Although we know little has been published about end of life interventions in African Americans or Hispanics/Latinos, one home-based palliative care intervention study with a largely African American sample (82.6%) has been published. Participants in this study were provided access to outpatient clinic appointments, providers trained in palliative and end of life care, and transition between levels of care, in order to avoid institutionalization (Holley, Gorawara-Bhat, Dale, Hemmerich & Cox-Hayley, 2009). More than two-thirds of enrolled participants died at home or in hospice and satisfaction with care were high. A second successful intervention offered unrestricted treatment choices and resulted in a 60% and 73% increase in African American hospice referral, compared to two usual care groups (Ciemins, Stuart, Gerber, Newman & Bauman, 2006).

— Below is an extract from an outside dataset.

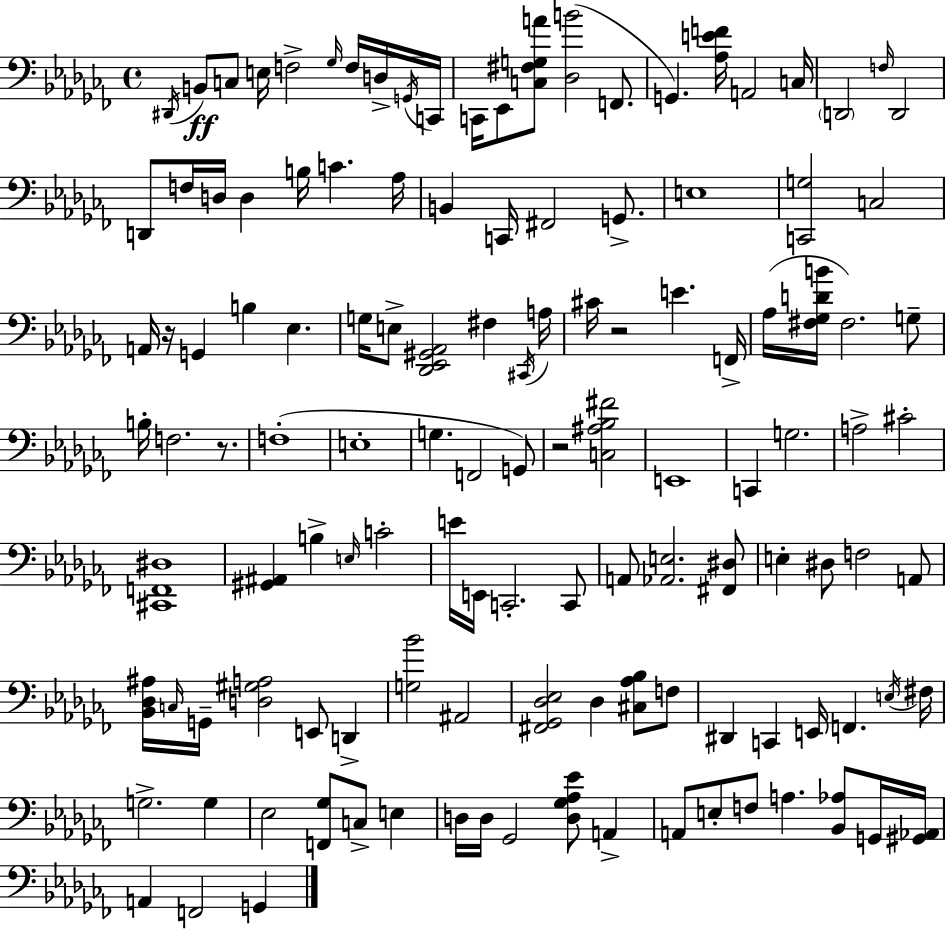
D#2/s B2/e C3/e E3/s F3/h Gb3/s F3/s D3/s G2/s C2/s C2/s Eb2/e [C3,F#3,G3,A4]/e [Db3,B4]/h F2/e. G2/q. [Ab3,E4,F4]/s A2/h C3/s D2/h F3/s D2/h D2/e F3/s D3/s D3/q B3/s C4/q. Ab3/s B2/q C2/s F#2/h G2/e. E3/w [C2,G3]/h C3/h A2/s R/s G2/q B3/q Eb3/q. G3/s E3/e [Db2,Eb2,G#2,Ab2]/h F#3/q C#2/s A3/s C#4/s R/h E4/q. F2/s Ab3/s [F#3,Gb3,D4,B4]/s F#3/h. G3/e B3/s F3/h. R/e. F3/w E3/w G3/q. F2/h G2/e R/h [C3,A#3,Bb3,F#4]/h E2/w C2/q G3/h. A3/h C#4/h [C#2,F2,D#3]/w [G#2,A#2]/q B3/q E3/s C4/h E4/s E2/s C2/h. C2/e A2/e [Ab2,E3]/h. [F#2,D#3]/e E3/q D#3/e F3/h A2/e [Bb2,Db3,A#3]/s C3/s G2/s [D3,G#3,A3]/h E2/e D2/q [G3,Bb4]/h A#2/h [F#2,Gb2,Db3,Eb3]/h Db3/q [C#3,Ab3,Bb3]/e F3/e D#2/q C2/q E2/s F2/q. E3/s F#3/s G3/h. G3/q Eb3/h [F2,Gb3]/e C3/e E3/q D3/s D3/s Gb2/h [D3,Gb3,Ab3,Eb4]/e A2/q A2/e E3/e F3/e A3/q. [Bb2,Ab3]/e G2/s [G#2,Ab2]/s A2/q F2/h G2/q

Hispanic/Latinos also underutilize hospice but little is known about this phenomenon; they are more than 13 percent more likely to die in a hospital than Anglos (Lackan et al., 2009). In fact, little is known about caregiving in general in these families (Evans, Coon & Ume, 2011). They prefer family-centered, collective decision-making and fall between African Americans and Anglos in their attitudes toward life support (Kwak & Haley, 2005). Like African Americans, they view suffering as an act of faith, opt for more aggressive treatment, and do not complete advance directives, perhaps due to cultural beliefs and values but also to a fear of being denied treatment, particularly in certain regions of the country (Braun et al., 2008).

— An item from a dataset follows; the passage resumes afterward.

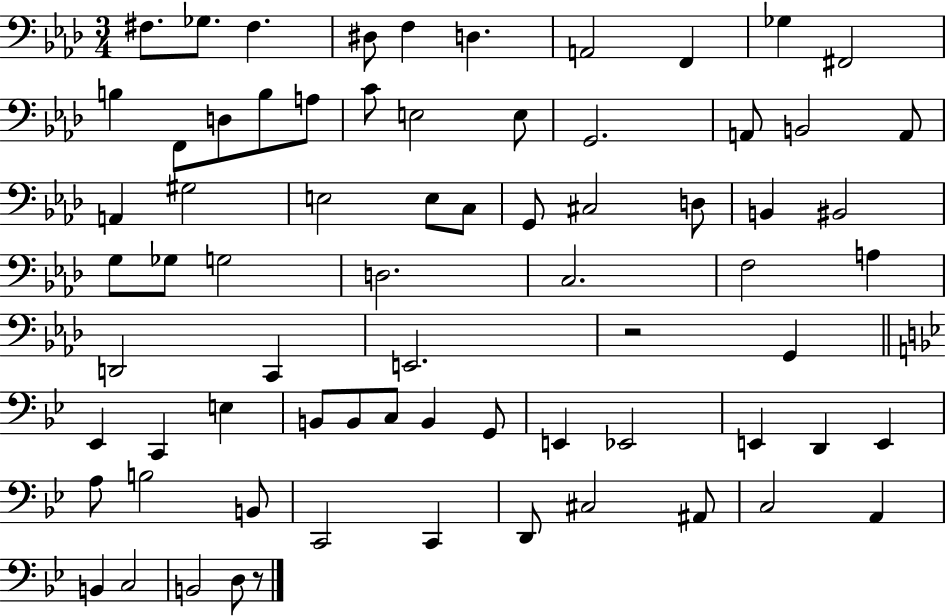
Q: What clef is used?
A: bass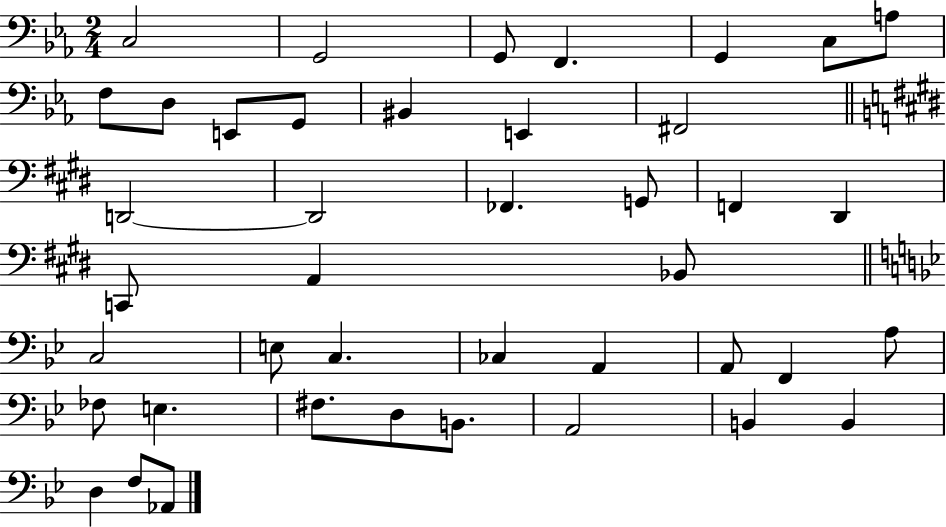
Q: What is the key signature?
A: EES major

Hispanic/Latinos prefer informal care provided by family members, which may partially explain their reluctance to use hospice. They appraise caregiving as less stressful than Anglos and derive more satisfaction from it (Coon et al., 2004), use religious activities to cope, and avoid seeking assistance such as hospice because they fear other family members will see their use of hospice as an acknowledgment of burden, which is culturally unacceptable. Empowering these families to access end of life care through a patient navigator intervention (Fischer, Sauaia & Kutner, 2007) is underway. Although qualitative documentation and a cost-effectiveness analysis are complete, study results are not yet available.

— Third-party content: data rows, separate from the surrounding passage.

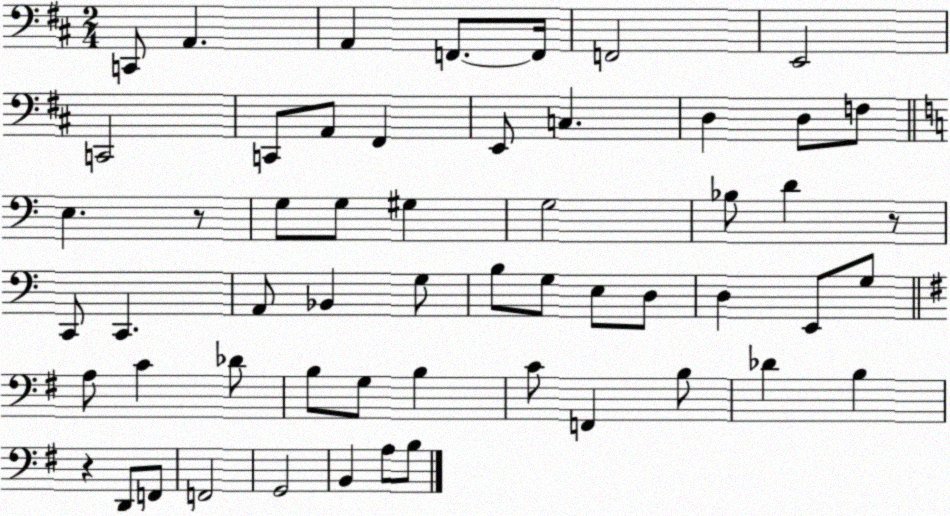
X:1
T:Untitled
M:2/4
L:1/4
K:D
C,,/2 A,, A,, F,,/2 F,,/4 F,,2 E,,2 C,,2 C,,/2 A,,/2 ^F,, E,,/2 C, D, D,/2 F,/2 E, z/2 G,/2 G,/2 ^G, G,2 _B,/2 D z/2 C,,/2 C,, A,,/2 _B,, G,/2 B,/2 G,/2 E,/2 D,/2 D, E,,/2 G,/2 A,/2 C _D/2 B,/2 G,/2 B, C/2 F,, B,/2 _D B, z D,,/2 F,,/2 F,,2 G,,2 B,, A,/2 B,/2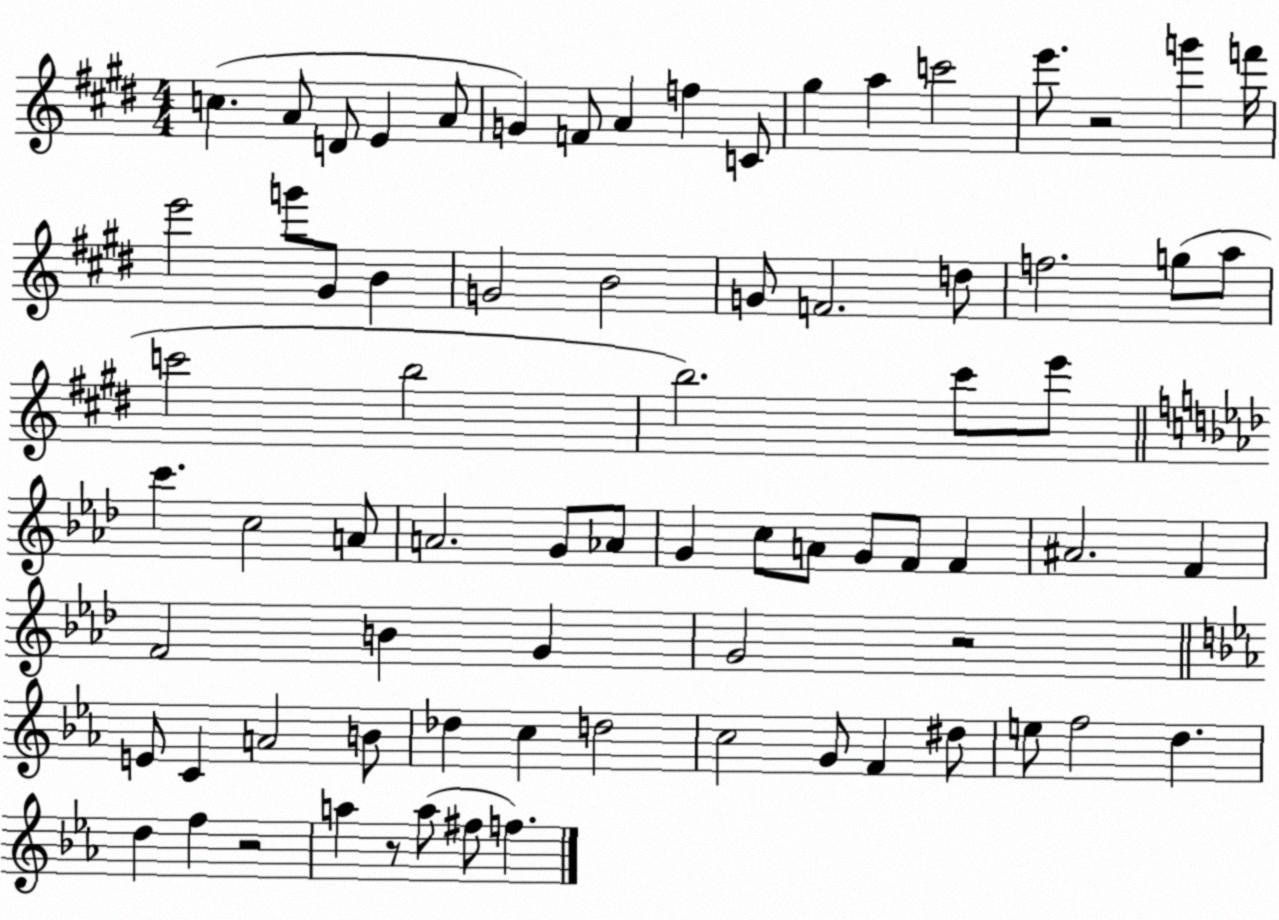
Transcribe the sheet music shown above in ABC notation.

X:1
T:Untitled
M:4/4
L:1/4
K:E
c A/2 D/2 E A/2 G F/2 A f C/2 ^g a c'2 e'/2 z2 g' f'/4 e'2 g'/2 ^G/2 B G2 B2 G/2 F2 d/2 f2 g/2 a/2 c'2 b2 b2 ^c'/2 e'/2 c' c2 A/2 A2 G/2 _A/2 G c/2 A/2 G/2 F/2 F ^A2 F F2 B G G2 z2 E/2 C A2 B/2 _d c d2 c2 G/2 F ^d/2 e/2 f2 d d f z2 a z/2 a/2 ^f/2 f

Very little is known about hospice use for cancer in Asians, with immigrant Asians being more than 18 percent more likely to die in a hospital than Anglos (Lackan et al., 2009). There are too few studies to identify general patterns, but in every ethnic subgroup, Asian families are less likely to enroll in hospice than Anglos, although Filipino Americans are more likely to enroll in hospice earlier and stay longer (Kwak & Haley, 2005; Ngo-Metzger, Phillips & McCarthy, 2008). Enrollment by Asian families may be precluded by lack of knowledge, cultural beliefs that talking about death may cause it, and potential feelings of failure if they allow someone else to care for their aging parents (Kwak & Haley, 2005). In Korean Americans, one study found that more than half of the sample had heard of hospice and nearly three-fourths would consider using it (Jang, Chiriboga, Allen, Kwak & Haley, 2010).

Although there are few end of life palliative care interventions employing an Asian sample, there is one randomized controlled trial with sites in Hawaii and Colorado (Brumley et al., 2007). Overall, 37% of the sample (N = 298) were ethnic minorities, with 13% Hawaiian and 18% Asian/Pacific Islanders; 63% of participants in Hawaii were minorities compared with 10% in Colorado. Families participated in an interdisciplinary, multidimensional intervention that provided 24/7 in-home palliative care services and coordinated care across settings, thereby increasing patient satisfaction, reducing use of medical care, and reducing costs, but results were not reported in terms of ethnic variation.

What We Know: Quality of Care

There is documented evidence of disparities in almost every area of health for African American and Hispanic populations. Associated with such disparities is conscious or unconscious racism based on ignorance of race as a social construction, and the conflation of race with misunderstood concepts of culture, ethnicity, and indicators of socioeconomic status (Crawley, 2005). Although controversy exists, distrust stems from broad knowledge of the Tuskegee study, reinforced by daily societal mistreatment and experiences with the health care system that include inadequate pain management due to discrimination or stereotyping and inability to access opioids from community pharmacies (Bullock, 2011; Ezenwa et al., 2006), fewer referrals for pain management (Green, Todd, Lebovits & Francis, 2006), and past denial of opportunity for aggressive, disease-oriented treatment (Loggers et al., 2009). It also is thought that, like African Americans, Hispanic/Latinos receive inadequate pain management and maybe unable to access opioids from neighborhood pharmacies (Bullock, 2011; Ezenwa et al., 2006).

Concerns with patient-physician communication remain in regard to treatment and support when a family member is dying (Welch et al., 2005). It is unknown whether or not provider race, ethnicity, or concordance affects prescription of pain medication (Cintron & Morrison, 2006); few African Americans have experience with physicians of their own race and ethnicity or with other culturally competent providers (Braun et al., 2008). Like African Americans, Hispanic/Latinos tend to have little contact with ethnically concordant physicians and they wish for improvements in patient-provider communication (Braun et al., 2008).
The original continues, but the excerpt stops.